(Stored entries)
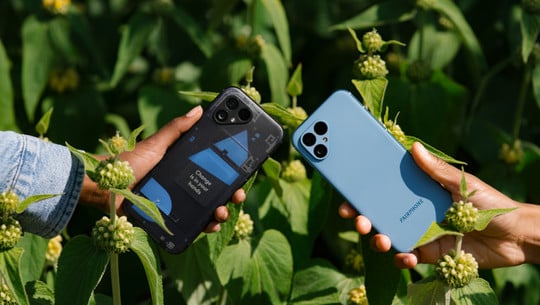 Fairphone 5 Test Zwei Hände in einem hellen, von Pflanzen bewachsenen Feld. Sie halten jeweils ein Fairphone 5 Mobiltelefon.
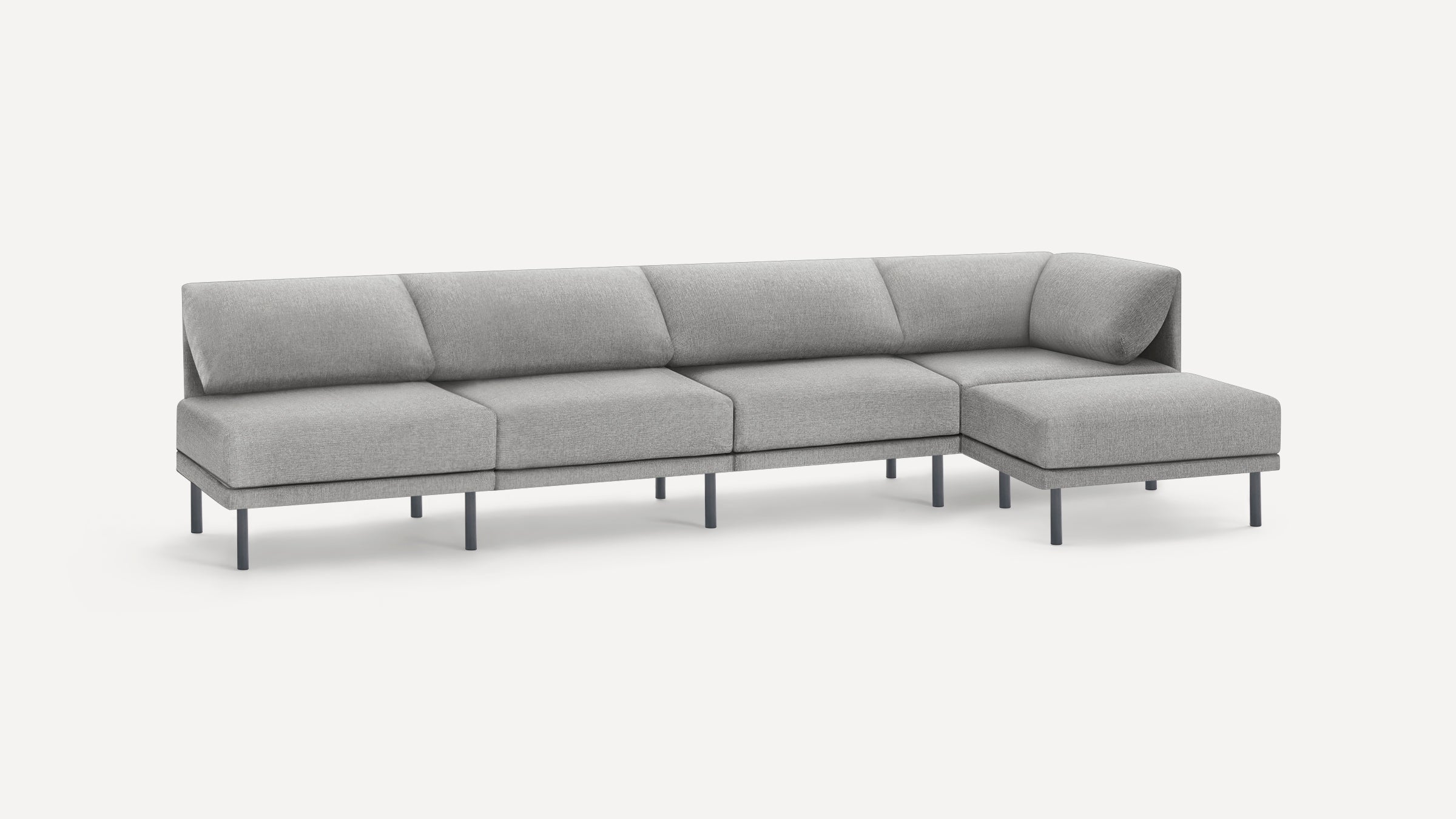 Modern sectional sofa in light gray fabric with metal legs, featuring five seat cushions and a right-side chaise lounge.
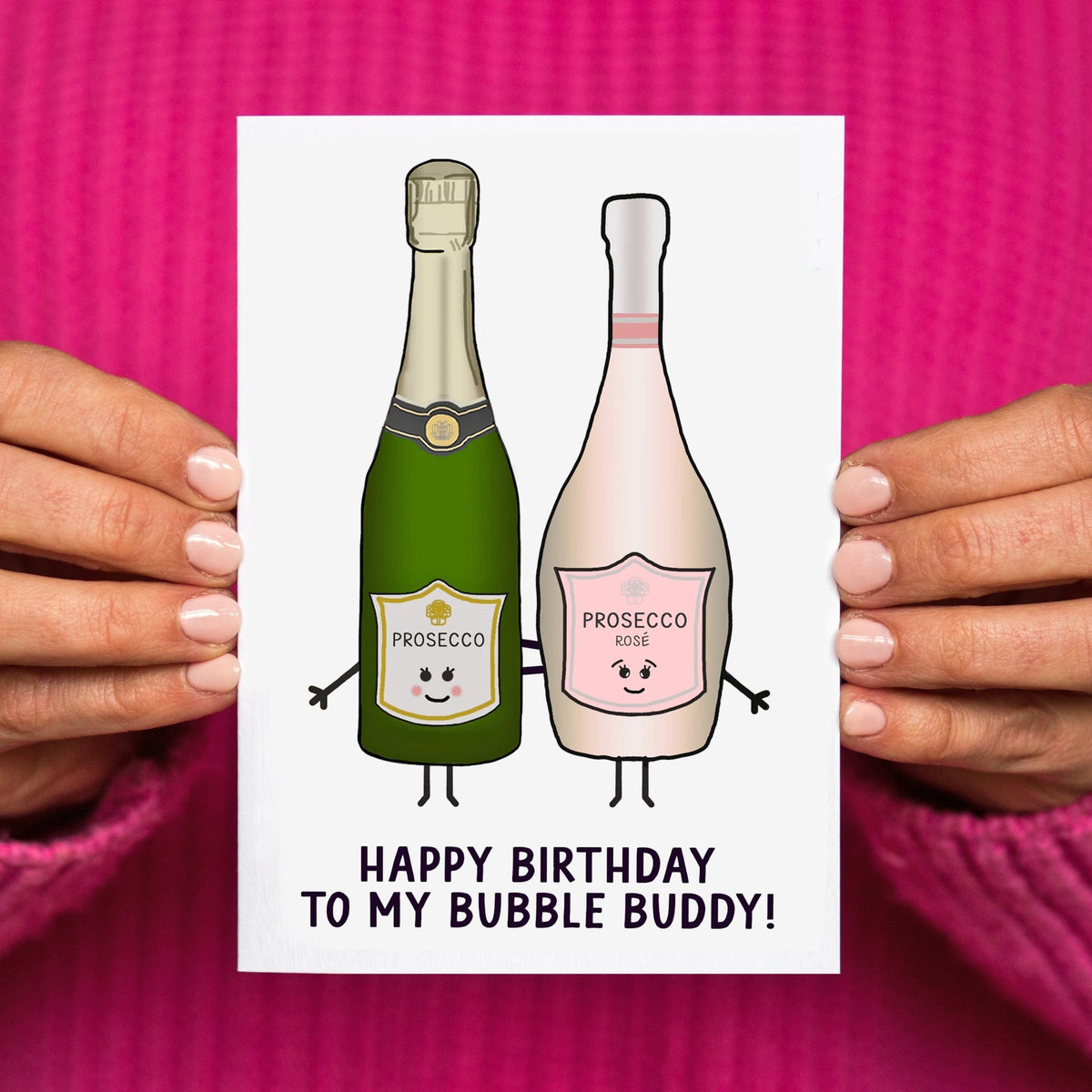 two illustrated bottles of prosecco with a birthday message for a friend held in hands against a pink jumper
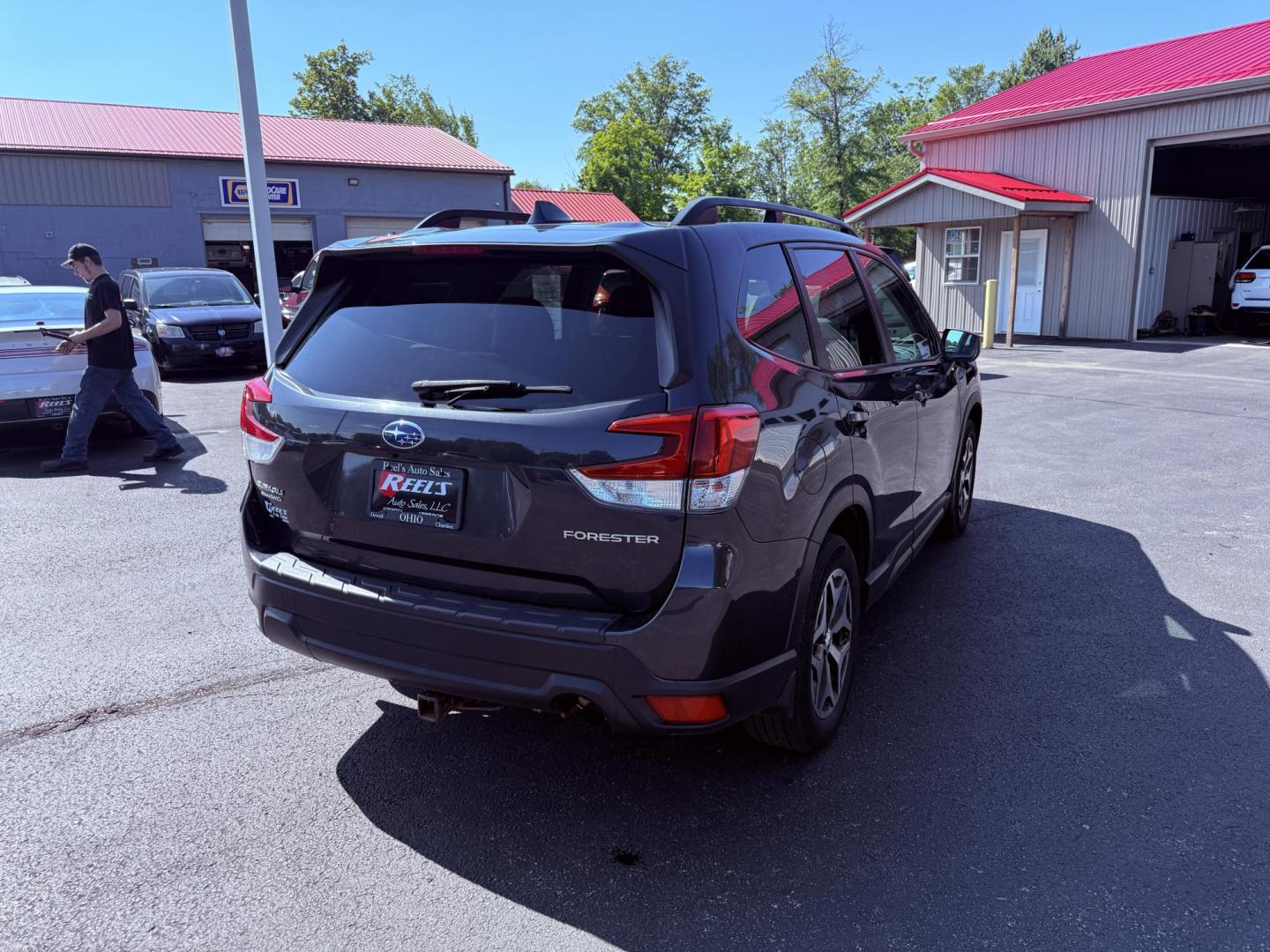 2019 Gray /Black Subaru Forester Premium (JF2SKAEC0KH) with an 2.5L H4 DOHC 16V engine, Automatic transmission, located at 547 E. Main St., Orwell, OH, 44076, (440) 437-5893, 41.535435, -80.847855 - Photo#7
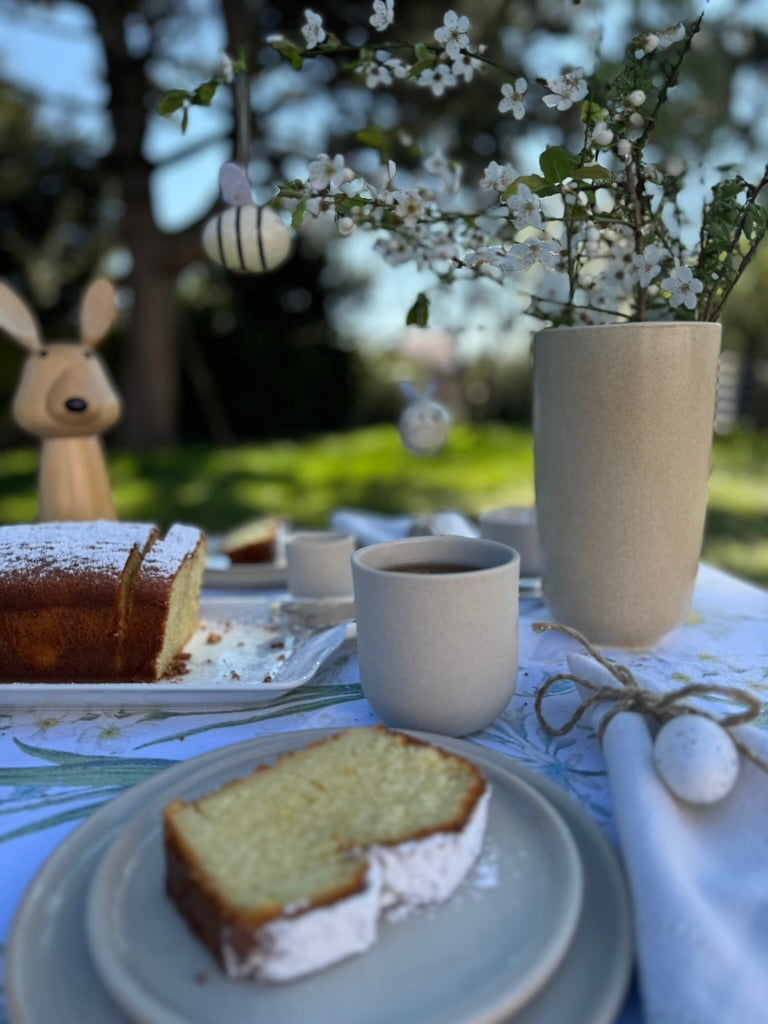 Garden table set up with handmade plates, cups and a lemon cake. Decoration for Easter.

## What is being asked
Could you write out every line above exactly as it stands, with no images?

## Exercise output
 Fairphone 5 Test Zwei Hände in einem hellen, von Pflanzen bewachsenen Feld. Sie halten jeweils ein Fairphone 5 Mobiltelefon.
 Modern sectional sofa in light gray fabric with metal legs, featuring five seat cushions and a right-side chaise lounge.
 two illustrated bottles of prosecco with a birthday message for a friend held in hands against a pink jumper
 2019 Gray /Black Subaru Forester Premium (JF2SKAEC0KH) with an 2.5L H4 DOHC 16V engine, Automatic transmission, located at 547 E. Main St., Orwell, OH, 44076, (440) 437-5893, 41.535435, -80.847855 - Photo#7
 Garden table set up with handmade plates, cups and a lemon cake. Decoration for Easter.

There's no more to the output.